Published online by Cambridge University Press: 04 January 2025
On February 12, 1951, Amir Mokhtar Karimpour published the first issue of the Shuresh (Uprising) newspaper by inviting the Iranian people to a ‘bloody riot and revolution’. Historians have generally paid scant attention to Karimpour or Shuresh. Little verifiable information exists about Karimpour himself and, as the main, known writer for the newspaper, his diction and publication of unconfirmed reports generally disqualifies the newspaper from consideration as a reliable or professional news source among the few with access to it. In turn, both the publisher and the newspaper remain, at best, footnoted by historians and dismissed in other disciplines.

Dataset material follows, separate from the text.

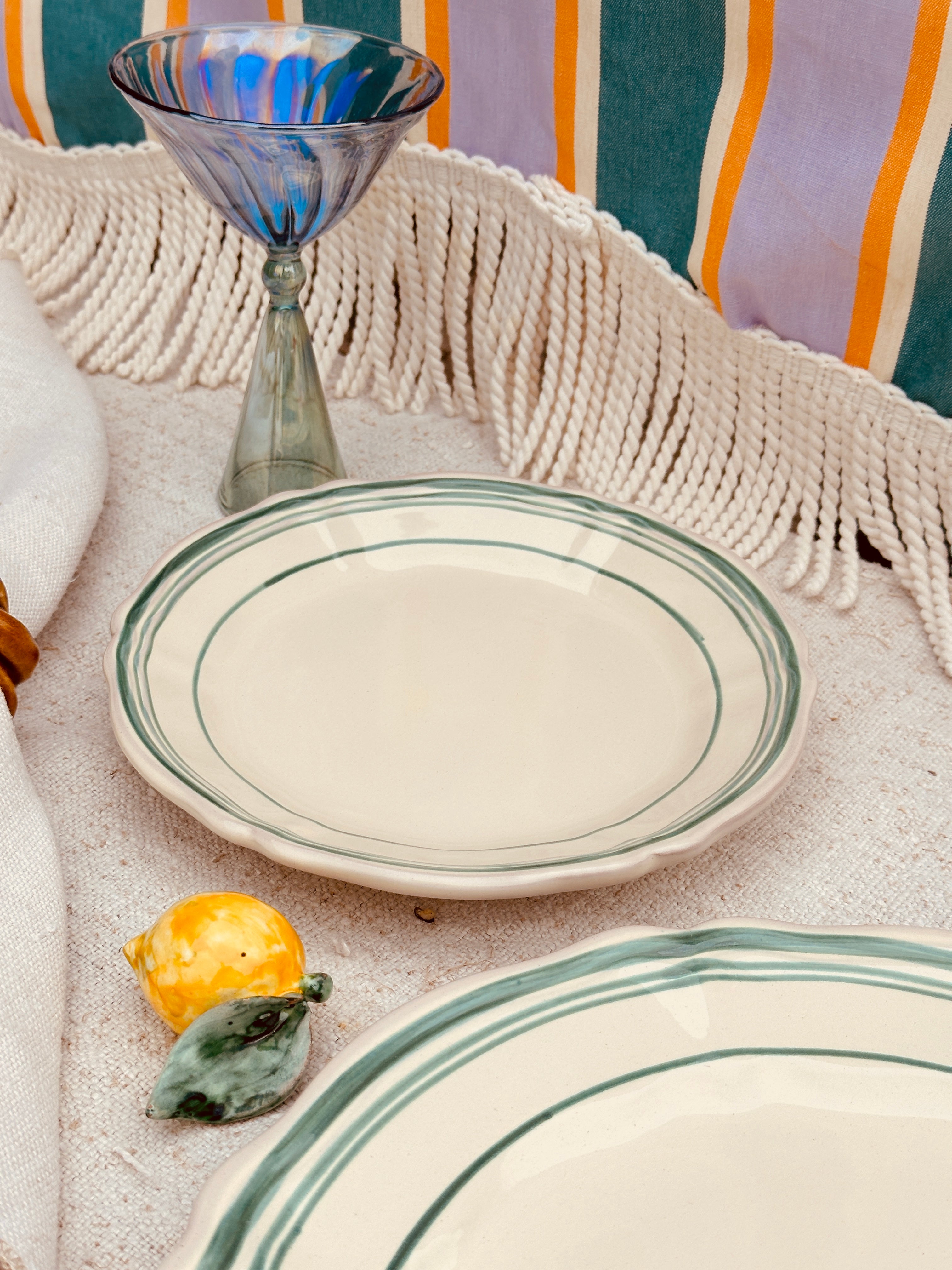 Uni Antipasti / Dessertteller Baccellato - Colour Base Avorio / Verde "The Riviera Basic Collection" - 20 cm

Continuing to ignore Shuresh, however, denies the newspaper's role in the transformative discourse on Iran as sacred across the religious and political spectra. Without acknowledging this nearly century-long discursive process and its concomitant mechanisms that produced Iran as sacred – as that for which an individual, community, or society sacrifices – it becomes more difficult to understand how and why Iranians (re)acted at particular moments in history. The sacrificial discourse in Shuresh and the affective resonance it produced explain why the newspaper became popular to some and infamous to others.
Karimpour, to be clear, argued in political theological terms for a nationalism that would rise up against the Pahlavi monarchy, Iranian feudalists, and their British partners. The sacred Iran, he asserted repeatedly, necessitated sacrifice to save and resurrect it. Karimpour was not merely a ‘zealot supporter of Mosaddeq’ or just one of the varieties of political forces that vied for public support in the press. After all, the prime minister's name did not make the front cover or even get mentioned in Shuresh until the sixth issue. Yet, the government banned Shuresh after just three issues. Each subsequent issue nevertheless continued to sell out. Shuresh's readership of allegedly 34,000 paid black-market prices for the newspaper (March 12, 1951) while Karimpour went on the lam, hid from the government, and evaded officials and informants seeking his arrest.
Shuresh became and remained popular from its first issue because of the numerous literary devices deployed within its pages.